Dealing With Difficult Owners

Many people who have served on the board of directors of a condominium or homeowners association have a story about an owner who made their life miserable. An owner may have regularly questioned the board's decisions and authority to govern the association. An owner may have submitted a steady stream of complaints about other owners to the board. An owner may have engaged in vicious personal attacks against board members. In some cases, explanations, warnings, fines, mediation, and even police visits do little to resolve these problems. What should board members do when confronted with these types of situations?

One way to handle difficult owners is to redefine how owners may communicate with the board. The board can explain to the owners that communications regarding association matters must be submitted in writing to a designated board member or presented in person at the next board meeting. This can have the effect of limiting the stress from an owner's behavior to one day a month rather than throughout the month. The Board can also limit the amount of time that owners can speak at meetings to avoid long confrontations. The owners can be instructed to make a short presentation and await a written decision from the board after the meeting. However, it is important to make any rules regarding communication with the board applicable to all owners.

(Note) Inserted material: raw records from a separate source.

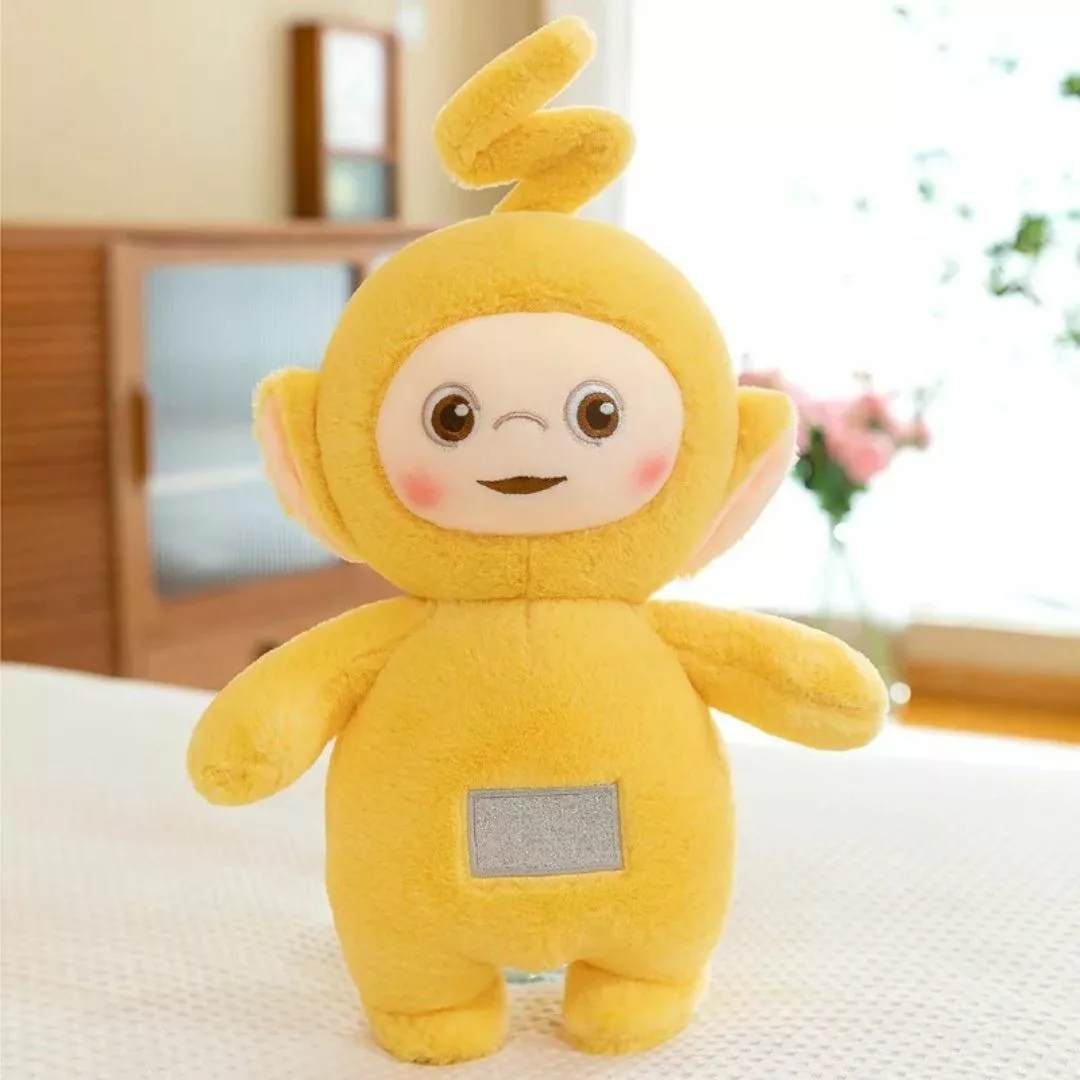 Peluche teletubbies – Compagnon doux et rassurant pour enfants – Cadeau idéal dès la naissance – Image 7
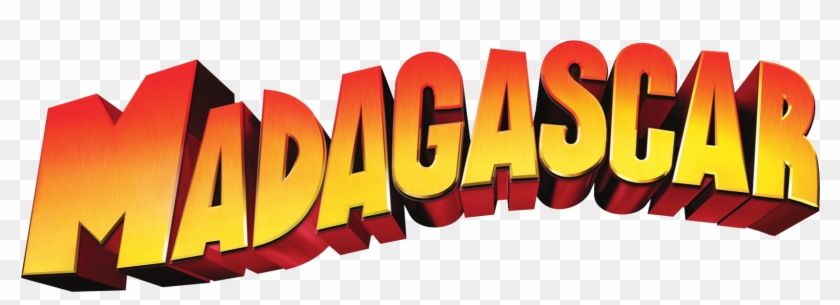 Madagascar Logo Png Clipart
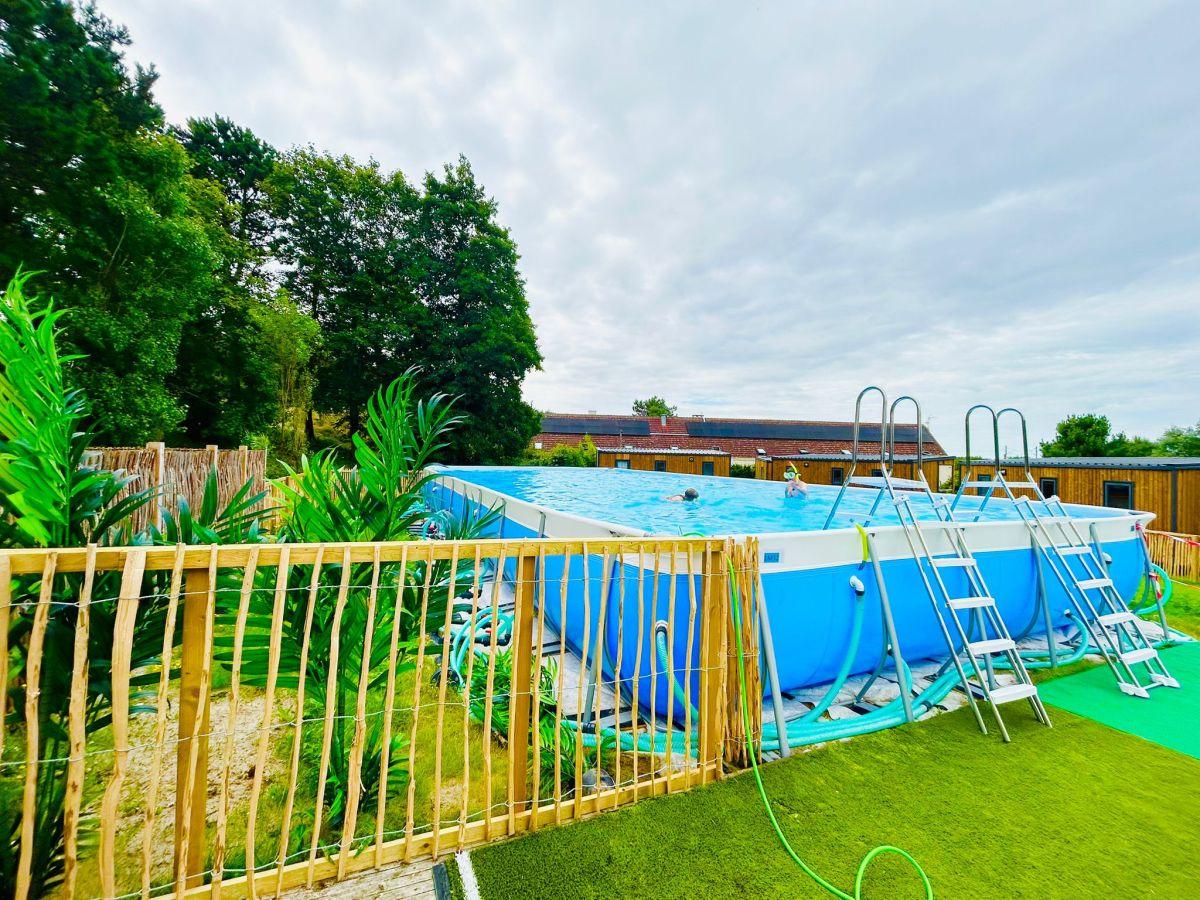 Photo du Camping La Pinède - Pas-de-Calais 62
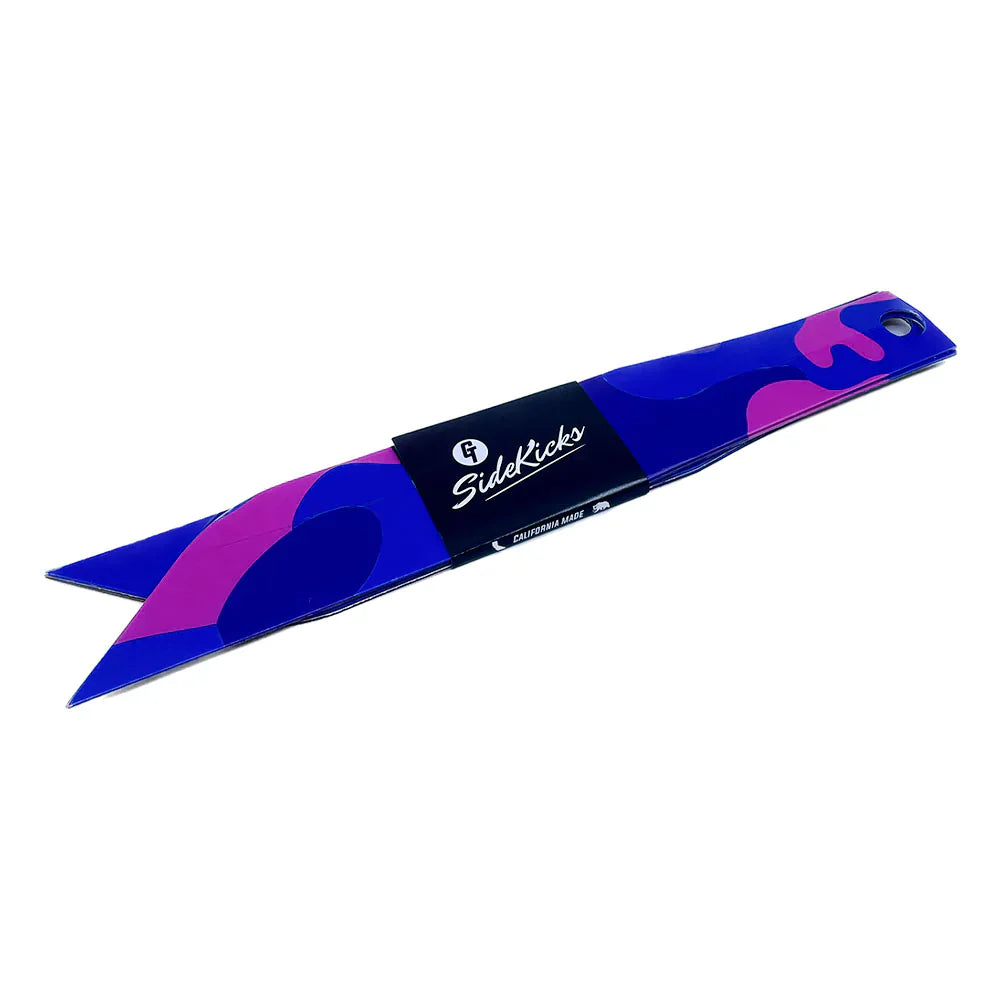 Float Sidekicks HD Reflective - High-Visibility Heavy Duty Rail Protection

Another way to handle difficult owners is to develop pre-determined responses to certain situations and stick to them. The board is obligated to consider the issues that owners raise at any point in time, but it should briefly refer to its previous decision and move on if a similar problem has been addressed before. Decisively resisting the temptation to debate or reconsider the same issue multiple times can convince an owner that a battle is no longer worth fighting.

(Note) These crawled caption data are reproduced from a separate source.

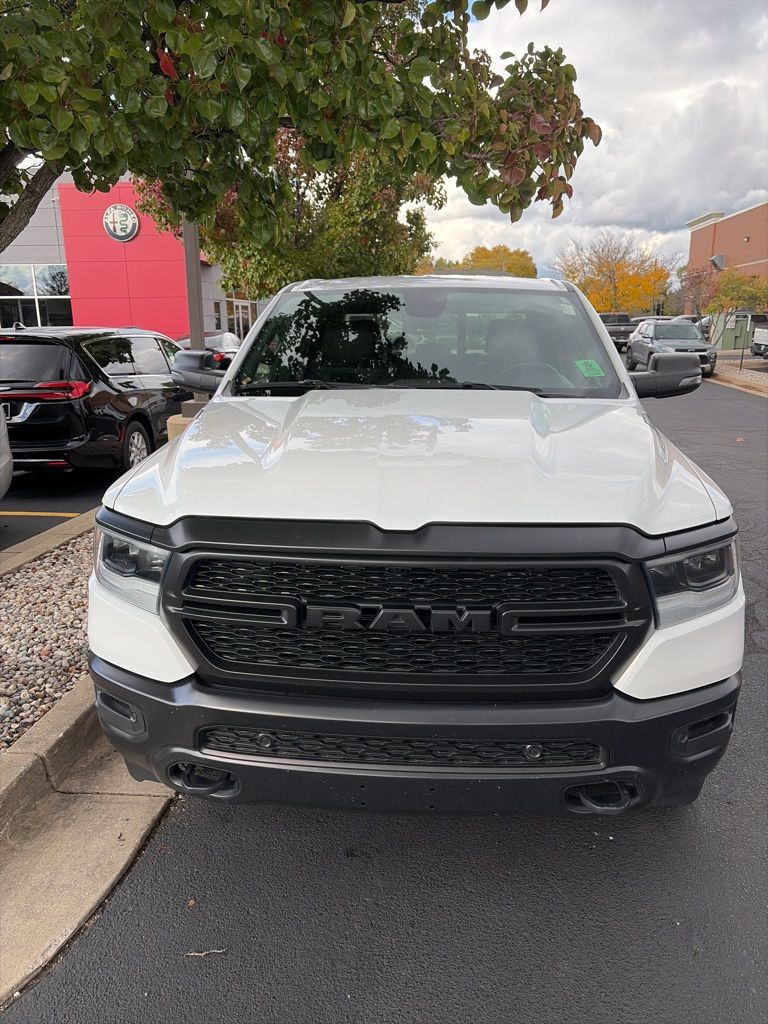 2023 Ram 1500 Big Horn Lone Star photo 2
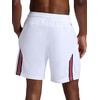 image:imageHead Mens Athlosphere Short Standard Fit 7 Inseam Stretch Midweight MaterialStark White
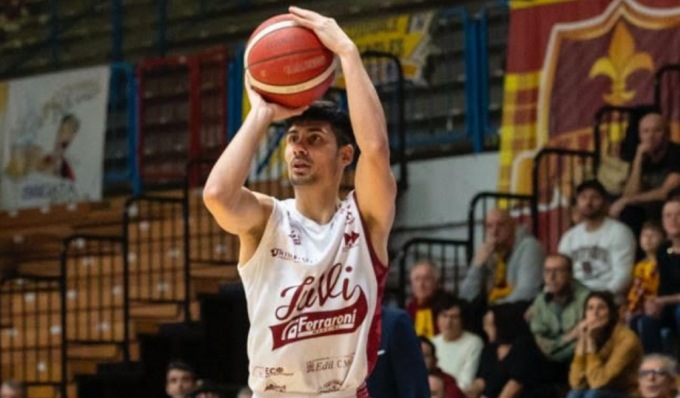 Altro ko per la Juvi Ferraroni che al PalaRadi cede 72-86 contro la Gesteco Cividale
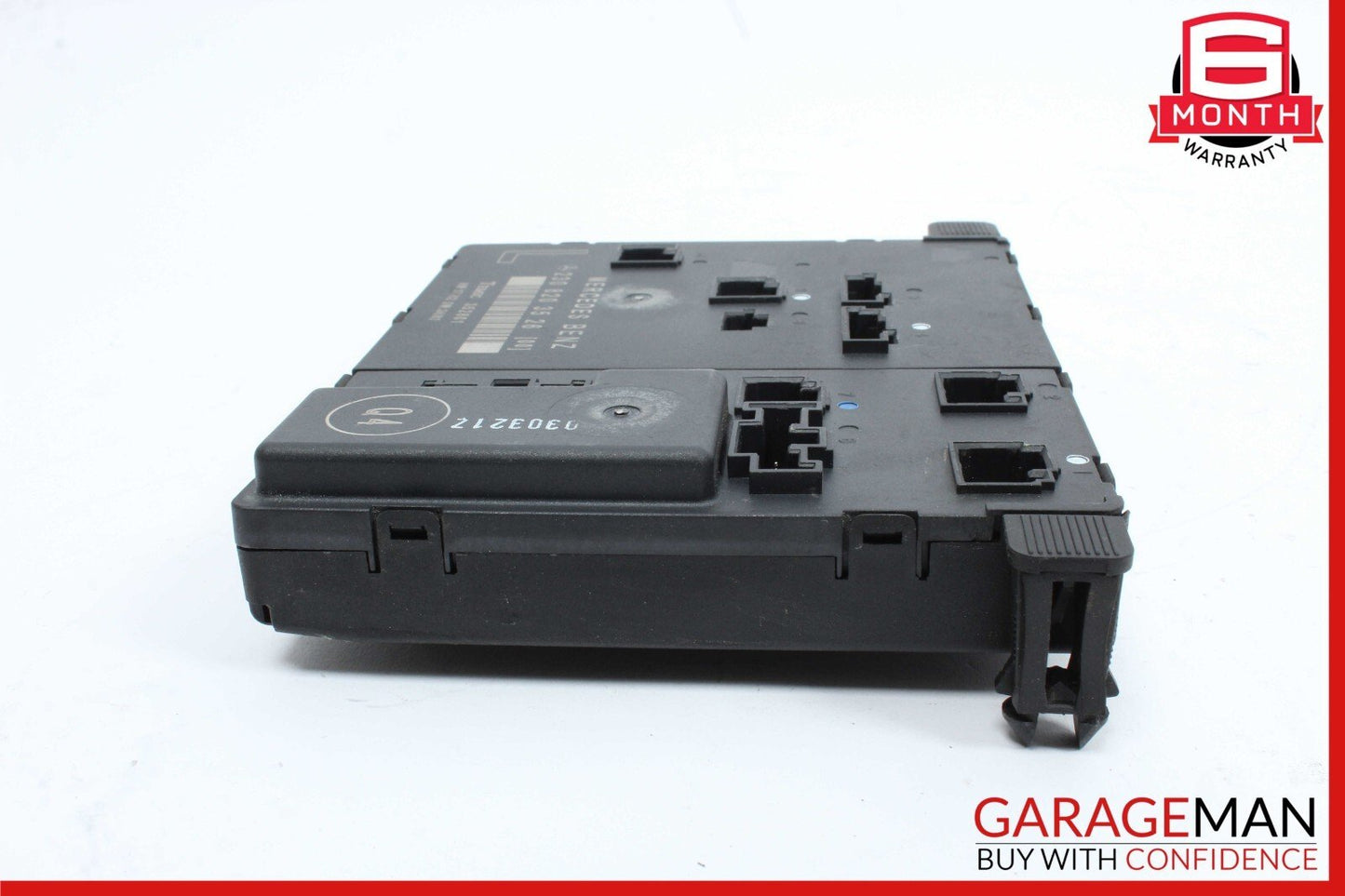 03-12 Mercedes R230 SL500 SL55 SL63 AMG Front Left Door Control Module Unit OEM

Board members should also try to keep the big picture in mind. If the board and its members are acting in accordance with the association's governing documents, applying the governing documents in the same manner with respect to all owners, and exercising reasonable business judgment (which basically means taking all relevant facts into account and consulting with professionals when necessary), the rare owner that actually begins a lawsuit is unlikely to succeed. Furthermore, the association may have insurance that insulates the board and its members from liability in most circumstances and provides for the appointment of an attorney to defend the board and its members if they are sued. These realities can help to preserve a board member's peace of mind when dealing with a difficult owner.